## Exercise brief
Below are some records; give them all again exactly, but not the pictures.

## Dataset content

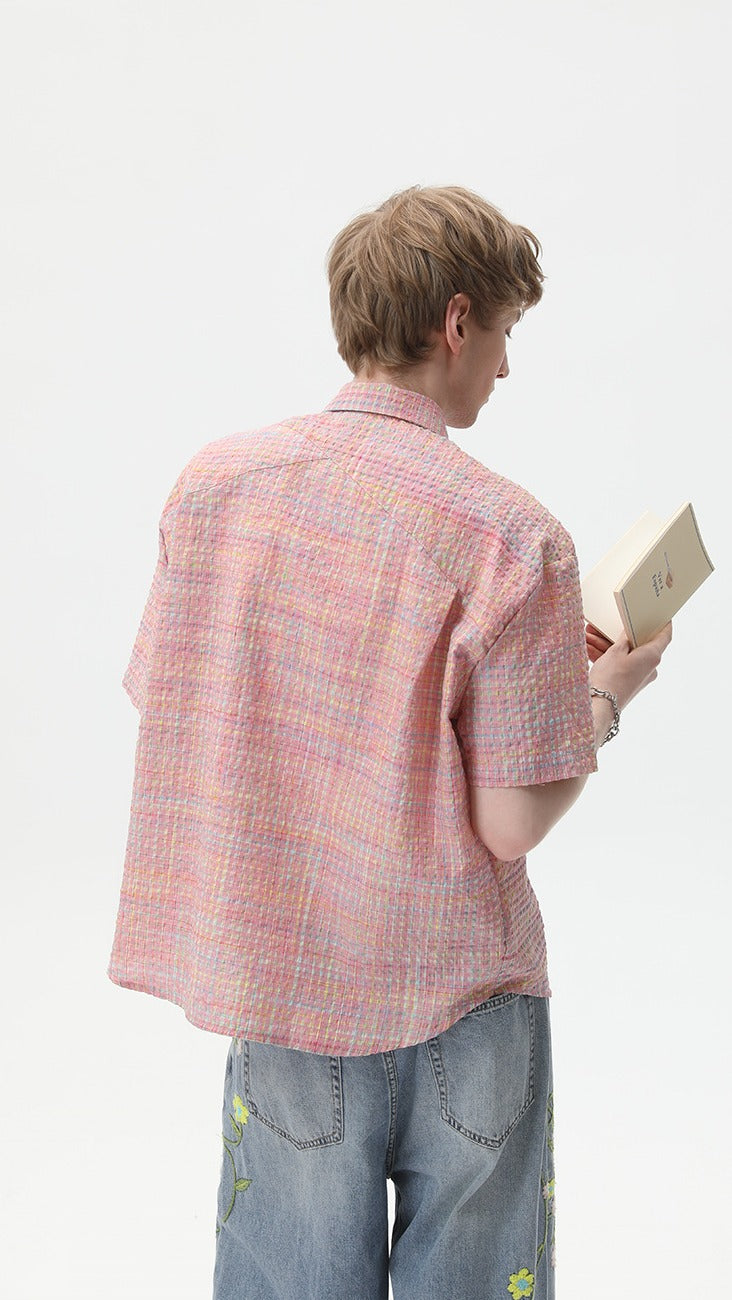 Premium - Sunset Camp Shirt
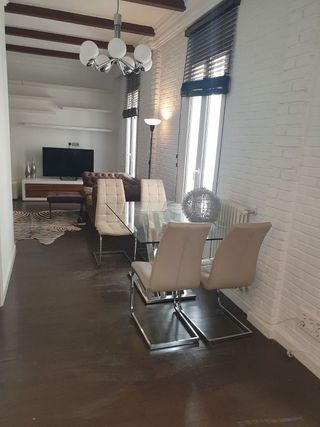 Piso en alquiler en Goya en Madrid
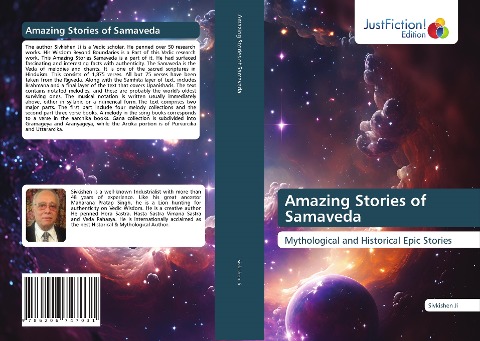 Amazing Stories of Samaveda: Mythological and Historical Epic Stories
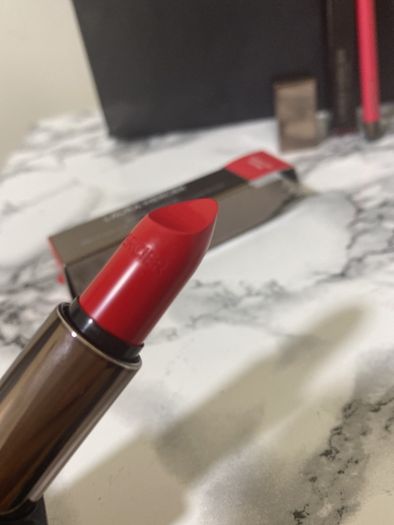 Laura Mercier Rouge Essentiel Silky Creme Lipstick and lip liner BNIB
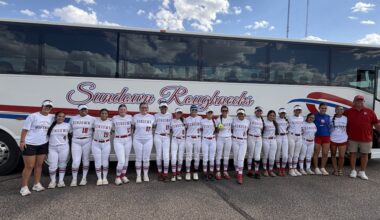 Extra Innings Team of the Week: Sundown Roughettes
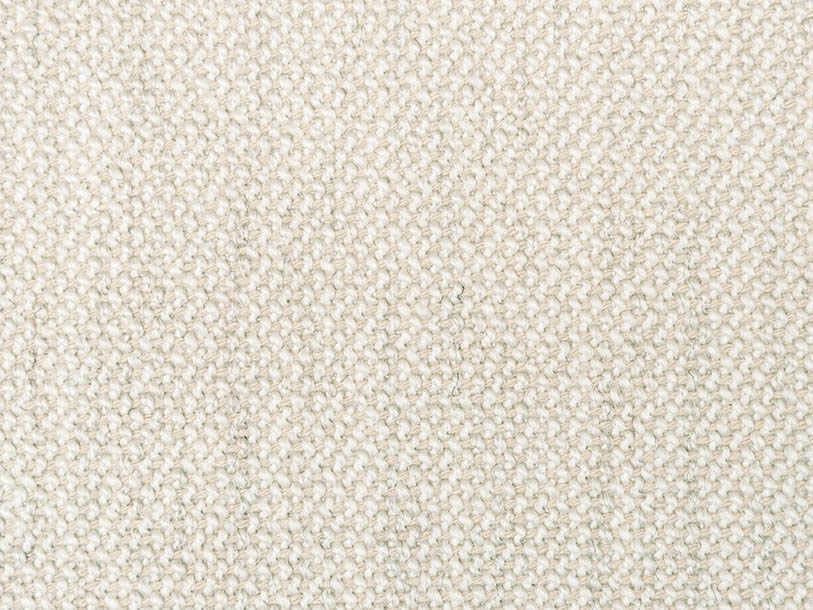 Pianca Peonia White Fabric Accent Chair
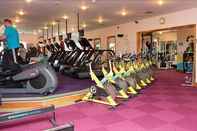 Fitness Center Whitford House Hotel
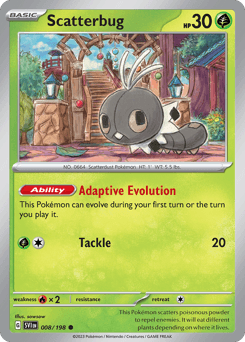 Scatterbug #8
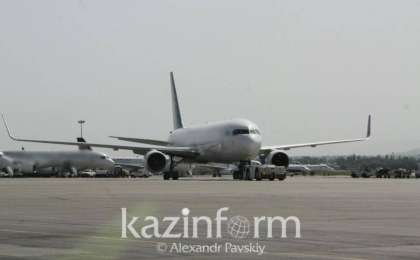 努尔-苏丹至布拉格来回航班即将开通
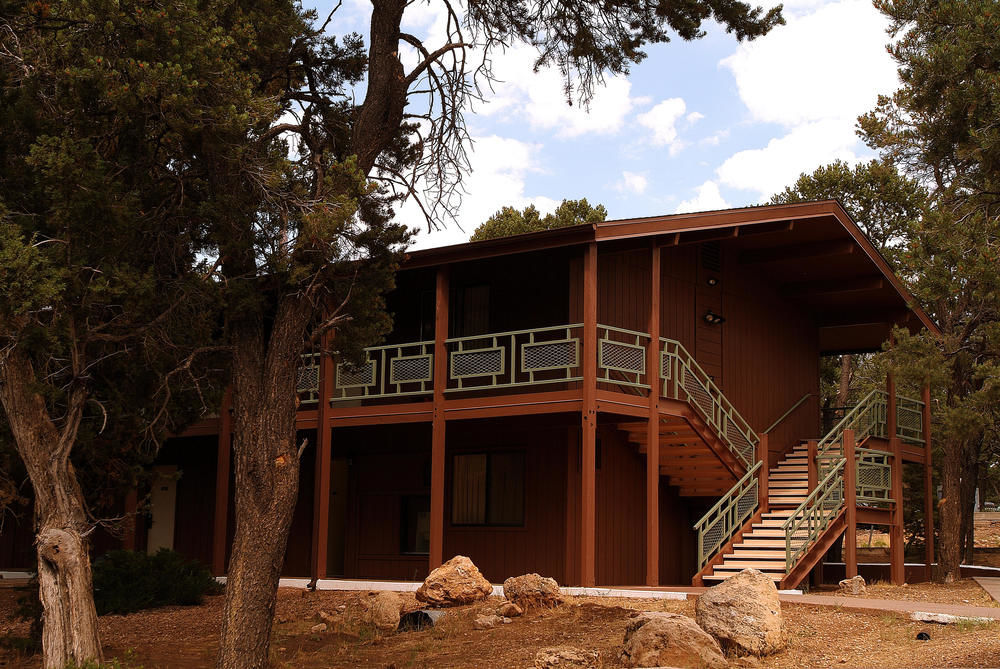Maswik Lodge North Grand Canyon Экстерьер фото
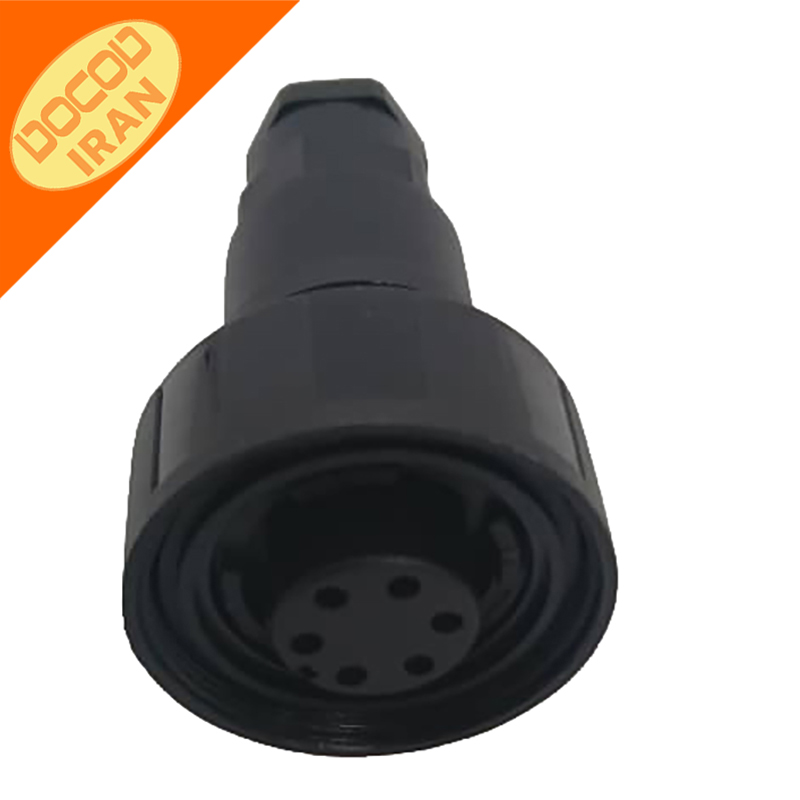 DB-PL2430-جک مادگی 6 پین-قطعات یدکی Domino انگلستان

## The answer
 Premium - Sunset Camp Shirt
 Piso en alquiler en Goya en Madrid
 Amazing Stories of Samaveda: Mythological and Historical Epic Stories
 Laura Mercier Rouge Essentiel Silky Creme Lipstick and lip liner BNIB
 Extra Innings Team of the Week: Sundown Roughettes
 Pianca Peonia White Fabric Accent Chair
 Fitness Center Whitford House Hotel
 Scatterbug #8
 努尔-苏丹至布拉格来回航班即将开通
Maswik Lodge North Grand Canyon Экстерьер фото
 DB-PL2430-جک مادگی 6 پین-قطعات یدکی Domino انگلستان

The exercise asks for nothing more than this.